> Work item
The answer must consist solely of the lines below starting at the one containing "Wedding planner looking at computer" and ending at the one containing "Supplier color: Baby blue eyes", repeated exactly, with both ends included and all pictures omitted.

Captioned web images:
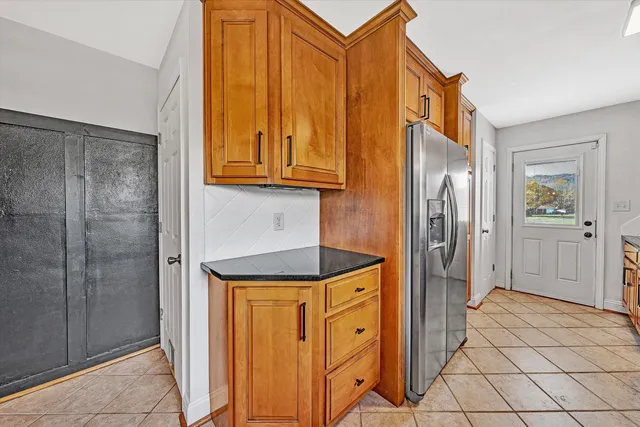 a kitchen with stainless steel appliances granite countertop a sink and a stove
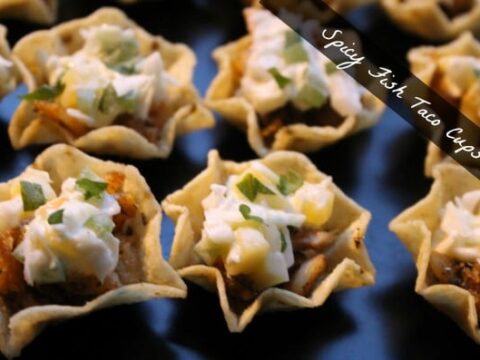 Close-up of spicy fish taco cups arranged on a dark surface. Each cup features a crispy shell filled with fish, topped with white sauce, diced green herbs, and a hint of spice. A diagonal text overlay reads Spicy Fish Taco Cups.
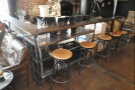 There's a row of five stools down the right-hand side of the roastery area...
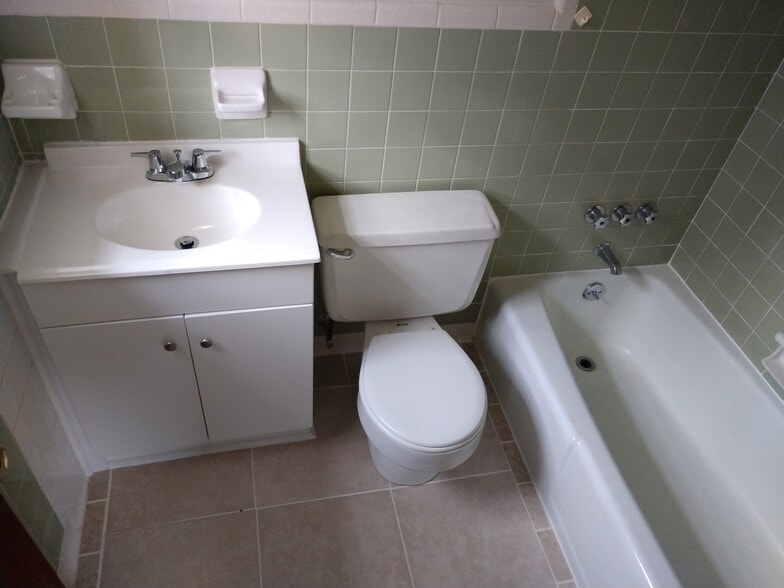New bath cabinet n sink. - 1730 River Front Dr
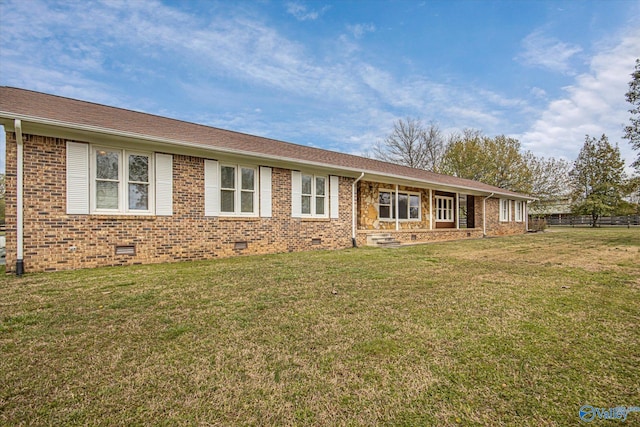 ranch-style house featuring a front lawn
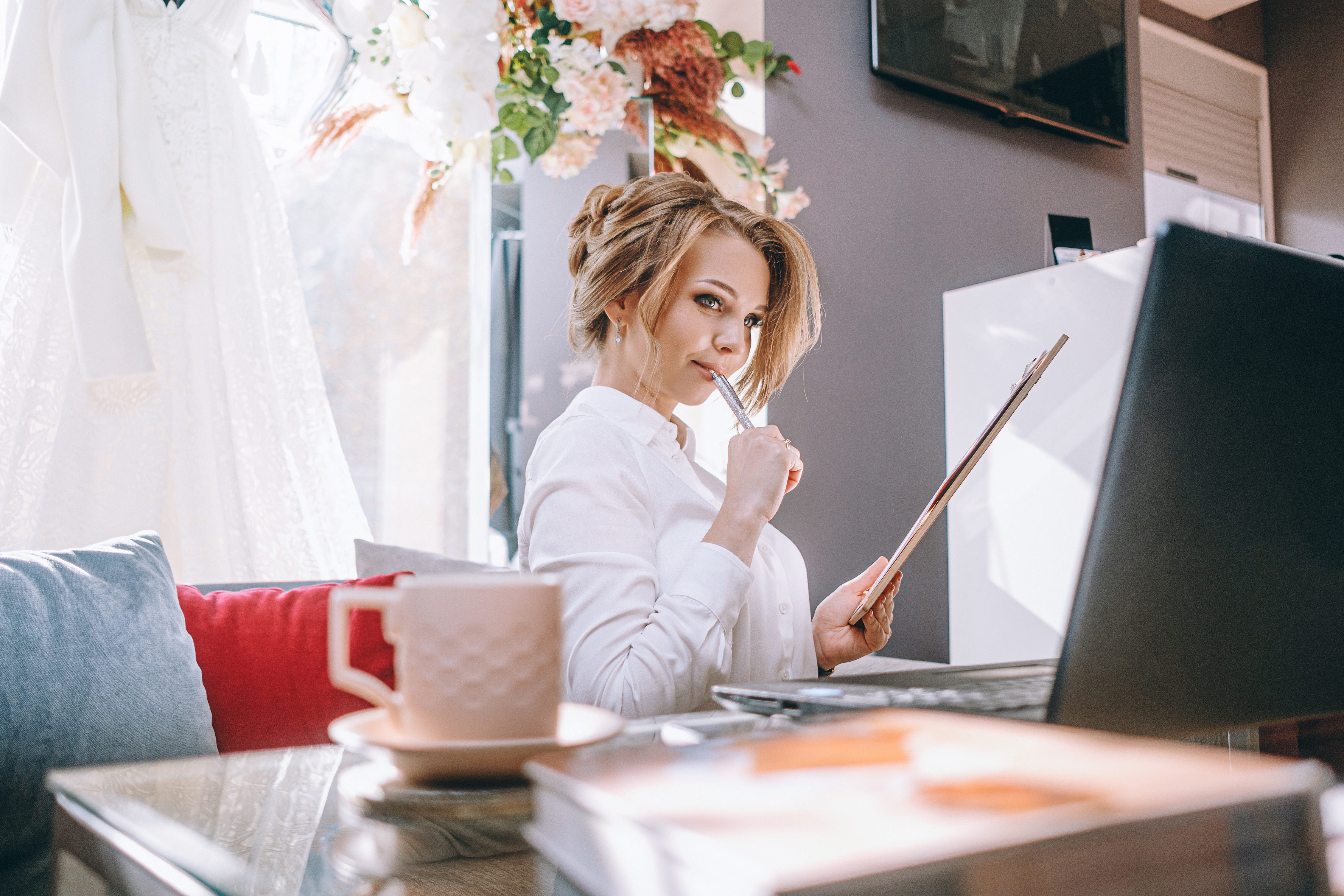 Wedding planner looking at computer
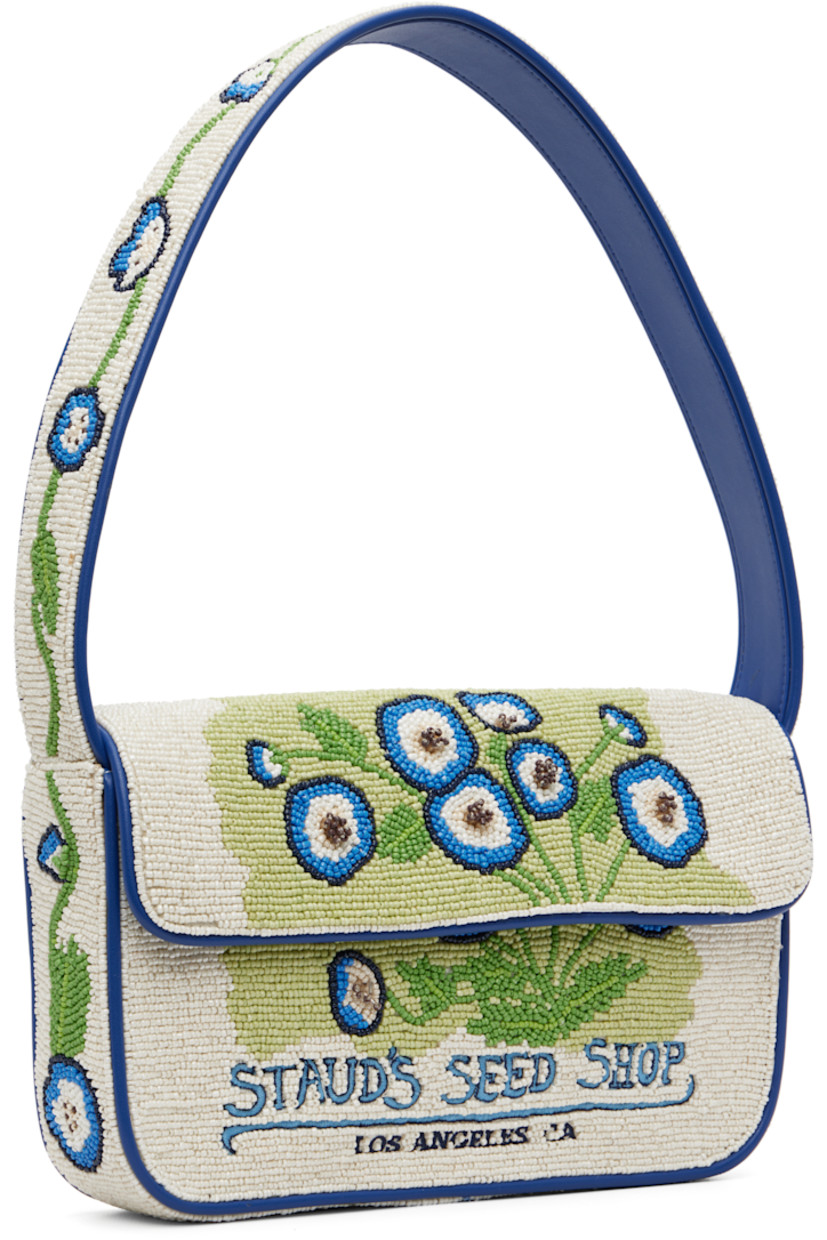 Hand-beaded shoulder bag.

· Beaded floral graphics and faux-leather trim throughout
· Fixed shoulder strap
· Text embroidered at face and back face
· Patch pocket and beaded logo at back face
· Magnetic press-stud flap
· Zip pocket at interior
· Satin lining
· H6.25" x W10" x D2"

Supplier color: Baby blue eyes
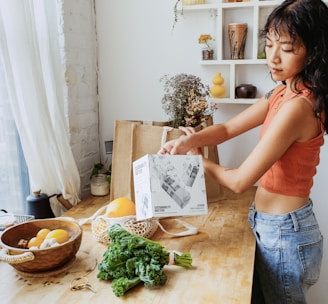 a woman standing in front of a wooden table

> Result for this exercise
 Wedding planner looking at computer
 Hand-beaded shoulder bag.

· Beaded floral graphics and faux-leather trim throughout
· Fixed shoulder strap
· Text embroidered at face and back face
· Patch pocket and beaded logo at back face
· Magnetic press-stud flap
· Zip pocket at interior
· Satin lining
· H6.25" x W10" x D2"

Supplier color: Baby blue eyes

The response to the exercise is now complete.